I'll link to a non-definitive source for the underscore rules. It's hard to link to hardcopy.

http://stackoverflow.com/questions/228783/what-are-the-rules-about-using-an-underscore-in-a-c-identifier

blloyd75 commented 7 years ago

@kspes, I am not sure I understand you comment. -- I now understand. For whatever reason, I did not have Boris's response that you were responding to in my discussion list. The #define would be to control theoraplayer, which I believe is exclusive to this project. This project already modifies vorbis and tremor libraries. Adding the ability to compile the vorbis for iOS would not be any more variation than it already has from the baseline vorbis, and would be a convenience for those wanting to use vorbis just for theoraplayer. Making it easy for theoraplayer to compile to use either tremor or vorbis or even a drop in api identical replacement to one or the other later makes sense by setting. Picking an API to build against via a #define makes sense. There are differences in the public interface between tremor and vorbis. It's really not a good idea to guess which one, no matter how good the guess is.
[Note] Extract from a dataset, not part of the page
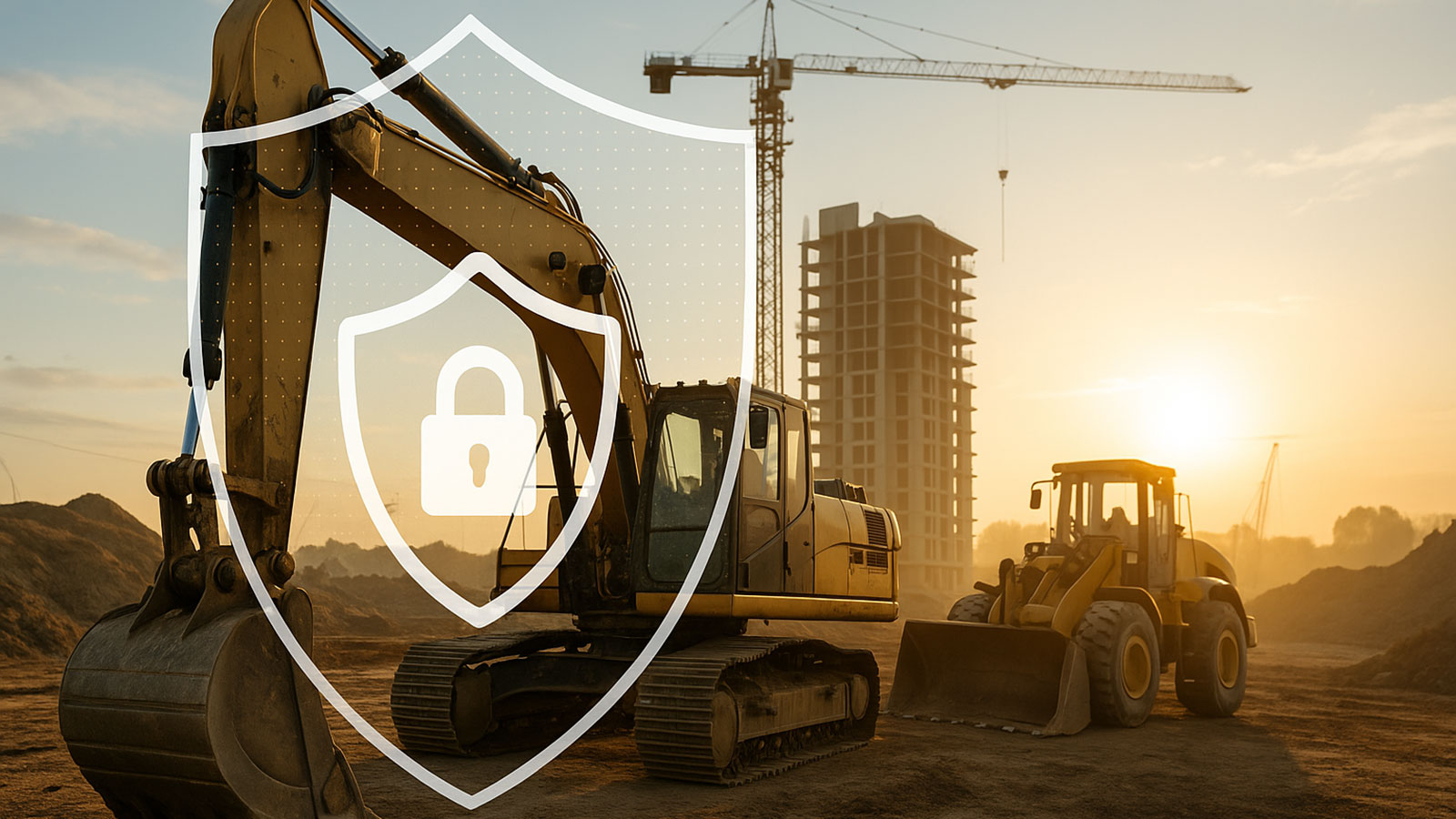 Baustelle mit Bagger, Radlader und Kran bei Sonnenuntergang, symbolisch für Maschinenversicherung im Bauwesen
I suspect people that have actually tried to use tremor with the built-in audio interface ran into the problem I found. Modern iOS actually does have some hardware floating point, so supporting float output can be fast. Tremor is faster than vorbis (due to things other than floating point, tremor is the more performant implementation), and so it's probably worth it to continue using tremor and just doing a conversion to float after so the API stays consistent.

FYI, iOS has a floating point multiply but no hardware divide, go figure.

kspes commented 7 years ago

Hmm, I suppose we can go with the preprocessor option, and have iOS and Android targets default to tremor, if someone wants to change this, he can simply adjust preprocessor definitions and configure the code for their own needs.

let's go with this. @borisblizzard do you agree?

borisblizzard commented 7 years ago

Agreed.

blloyd75 commented 7 years ago

a branch use_tremor is now pushed. I pushed a branch instead of to master because I was unable to test Android. If Boris wants to do so, that would be appreciated.

borisblizzard commented 7 years ago

Merged the branch, refactored code, checked Android. Everything seems fine. :)